I remember that in the late 90's the Indians had the best attendance and their merchandise sales were second, just behind the Yankees. But TV was $20MM a year compared to Yankees $100MM and it isn't any better now.
Dolan in the first couple years spent more than Jacobs, but it wasn't sustainable due to the cash bleed. Same problem now, only attendance is much weaker.
Hard to watch former Indians win rings in large & rich markets but the franchise is competing against a stacked deck.
I somewhat agree, but I also disagree with a bit.
The sale of the Indians would probably push close to a billion right now. It would probably more than triple the price the Dolan’s originally bought it for. Which is why him saying what he’s said about losing money has been so stupid to me. He has over a 200% ROI on the Indians right now, and that will only continue to increase. His woe is me stuff won’t garner any sympathy from fans, it will just make things worse.
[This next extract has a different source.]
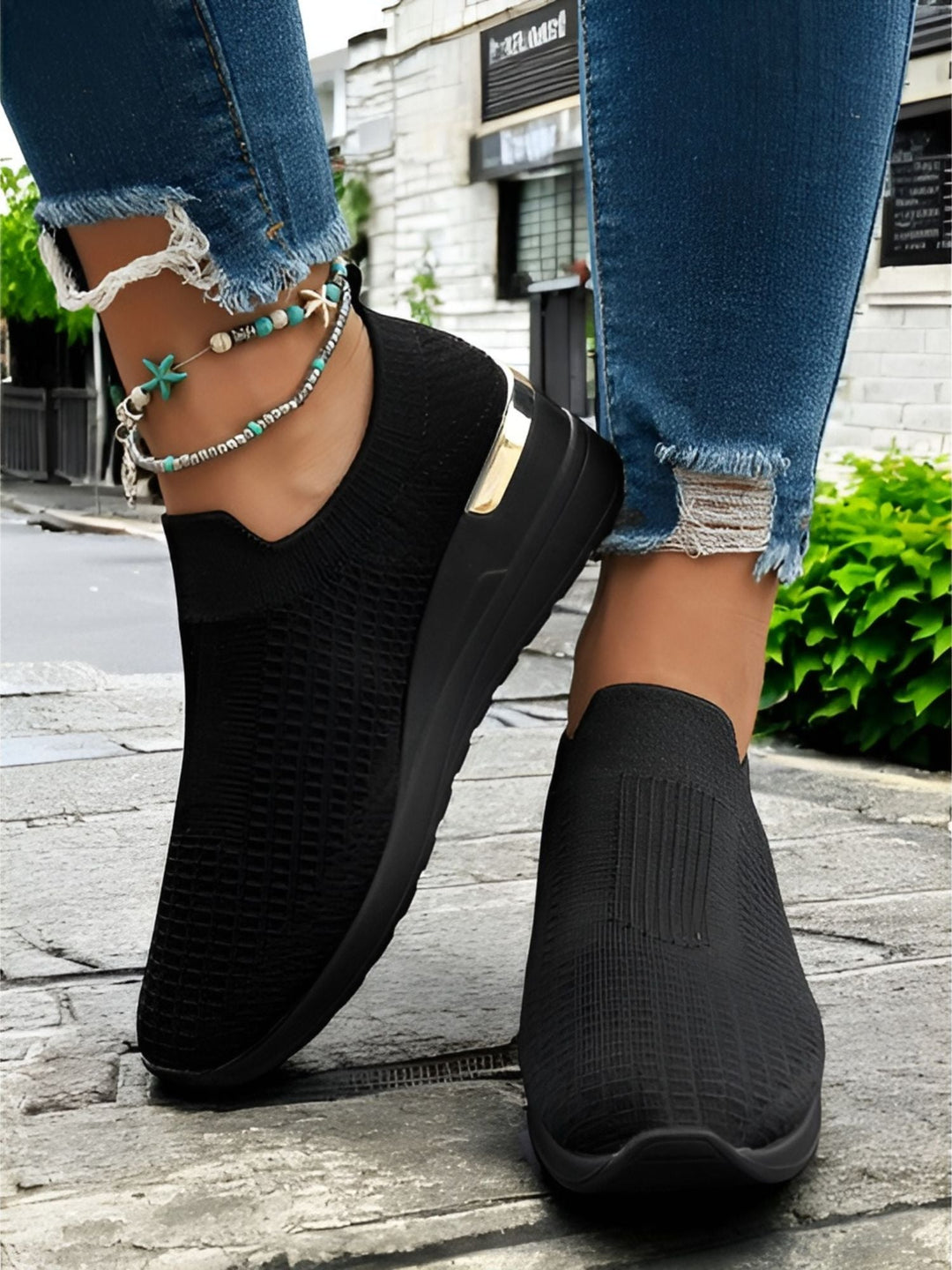 Emily & Isabella Brooks | Casual Sneakers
And that is prior to the next thing I disagree on, the TV deal. The Indians will almost certainly sign a billon dollar plus TV deal in the next few years. I wouldn’t be surprised if they tripled their yearly grab (40 million to 120 million) on their next deal, especially if ratings stay where they are currently at, which they should with the team they have for the next couple of seasons.
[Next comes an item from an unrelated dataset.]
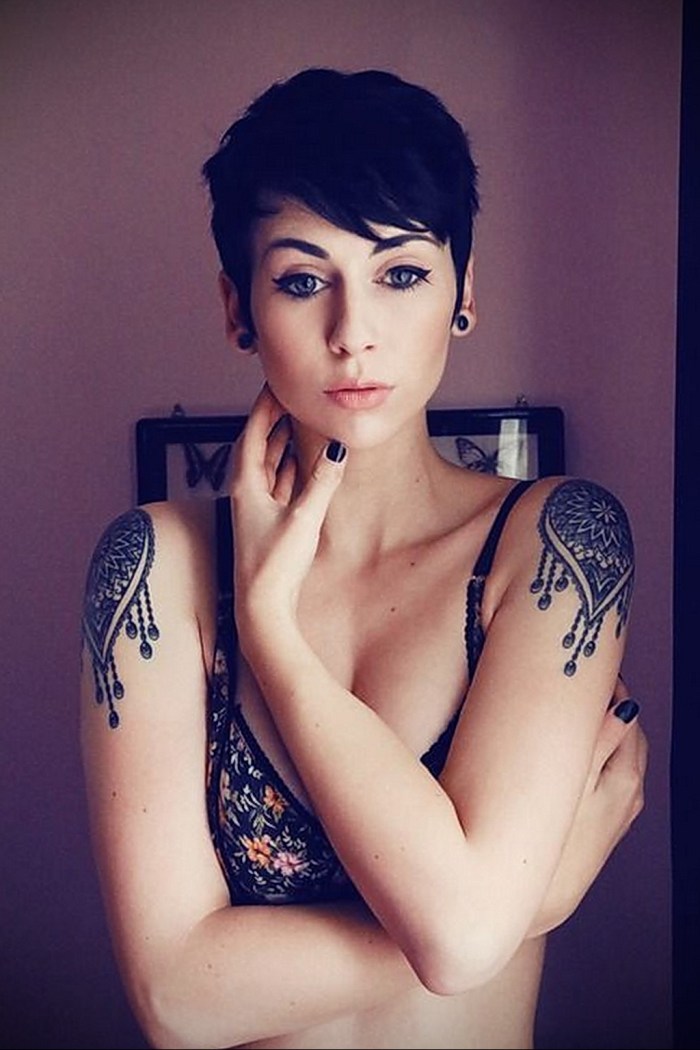 Eve Lorman haircuts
And the fan support is definitely there. Not the best gauge, but it helps me gauge my own world, but the Indians are by far the most unanimously supported team on my social media outlets. The Indians, and the rest of baseball for that matter, just aren’t sticking with the times as far as advertising their players and getting interest drummed up to get people to come out to the games. They’re lightyears behind the NBA and NFL right now.
Your markets you’d expect to draw will draw strictly off population alone. But the ones you need creativity to get people to come to the park are lagging behind, and we’re one of those markets.
But yes. They are and will continue to play against a stacked deck, as far as money available to spend on MLB talent goes. But that’s also why I have a soft spot for Dolan. Him, and Shapiro when he was still with us, were so far ahead of the game on scouting stuff in the late 2000s and early 2010s that they managed to stack the deck in their favor without paying through the teeth for the cards.
This was something talked about by a few of us prior to them going to the World Series and going on their run they’re currently on like 7 years ago. And they’re still doing the same thing that has them in line to consistently compete even with roster turnover. Their scouting hires in the mid to late 2000s and promotions they’ve given to some of those same hires have them in a terrific spot as far as prospect gathering goes.
Pair that with International signings caps so big teams can’t hoard all the talent and you’re starting to see the Indians gather young talent better than they ever have before. There’s a reason they have the most young talent in their farm right now since the early 90s.
But yes, attendance isn’t a single issue topic. It’s a whole bunch of shit. But refusing to support a team because of ownership, not spending money on the team because of ownership, then complaining because they can’t re-sign their homegrown players is the definition of “you reap what you sow”.